Please describe how you could take the peel off an apple all in one go:
I’d use my freaking magical powers to do it, of course. Or sit there for hours and hours, just slowly slicing a spiral of the skin off.
Paper or briefs?
Briefs. Paper is waaaaaay too uncomfortable. And think of the paper cuts. Eek.
You've rented a sky-writer to propose to your significant other, but it's completely overcast. What will you do?
Hmmmm. I would find a way to add some sort of color to the smoke and have the guy fly low enough that it could be read. The font would probably have to be significantly smaller, too, so he/she could read it, though…so I’m not sure. Maybe I could hire the Wicked Witch to do it? She’d probably be able to figure it out. Elphie’s smart like that.
Chicken monkey shoes?
Would probably be rather uncomfortable. Although now I do wonder what a chicken monkey might look like…suggestions?

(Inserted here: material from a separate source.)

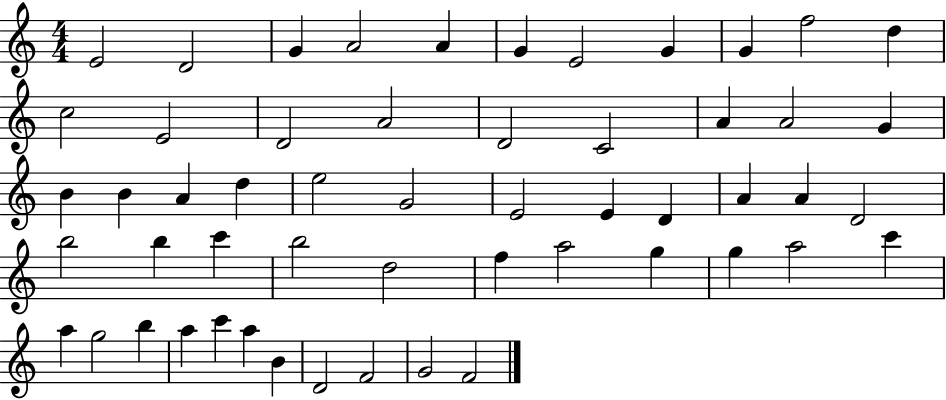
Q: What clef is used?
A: treble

In the dream where you show up to school naked, why do you never go swimming?
Well, if it were to happen at my school, it would be because there isn’t a pool. But if I’m dreaming, I guess I could make whatever happen, including adding a new pool. But maybe I don’t want to skinnydip! That’s why I don’t ever go swimming in those dreams.
Why do you think honeydew is the money melon?

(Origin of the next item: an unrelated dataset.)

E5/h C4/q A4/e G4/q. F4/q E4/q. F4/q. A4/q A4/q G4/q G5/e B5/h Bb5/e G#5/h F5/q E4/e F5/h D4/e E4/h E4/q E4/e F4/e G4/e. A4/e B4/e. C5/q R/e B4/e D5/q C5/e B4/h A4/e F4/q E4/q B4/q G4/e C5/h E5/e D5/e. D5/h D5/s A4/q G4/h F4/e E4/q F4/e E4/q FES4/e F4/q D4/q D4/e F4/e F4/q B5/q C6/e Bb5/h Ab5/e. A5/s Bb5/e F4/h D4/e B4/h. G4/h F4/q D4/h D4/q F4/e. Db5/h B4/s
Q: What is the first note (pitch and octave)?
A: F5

I don’t really like honeydew, so I wouldn’t call it something like the money melon. I mean, I like money, dude. I don’t like honeydew. But I guess it might be because it’s green. …it is green, right?
What reason do you have to believe the earth is flat?

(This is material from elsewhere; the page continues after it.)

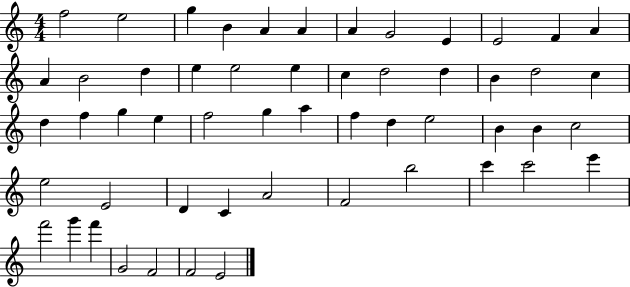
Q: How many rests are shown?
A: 0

Because I know a guy who knows a guy whose brother was best friends with this guy that…well…he fell off the edge of the Earth. It was really sad. But he left me his puppy!
Your people want to make a statue in your honor. What will it be made out of and what victory will it commemorate?
It will be made of cheese and commemorate my becoming a hero. The cheese will be sealed to keep it from getting gross or eaten by wildlife.
Which is easier to make a model airplane out of and why: a banana peel or a wet sock?
The banana peel, of course. Everyone knows that wet things don’t fly. Plus, the peel is already in a plane kind of shape.
You've got to make contact with the alien leader. How will you tell when the conversation is finished?
The conversation is finished when the alien blows up the Earth. Duh.
What's the best time you've ever had licking stamps?
I’ve never licked a stamp. All mine stick on by themselves, thanks.
Do you believe that forks are evolved from spoons?
No, of course not. But sporks are their illegitimate children.
You've written a hit musical! How will you avoid having fame go to your head?
By inventing a fame-resistant helmet and wearing it everywhere.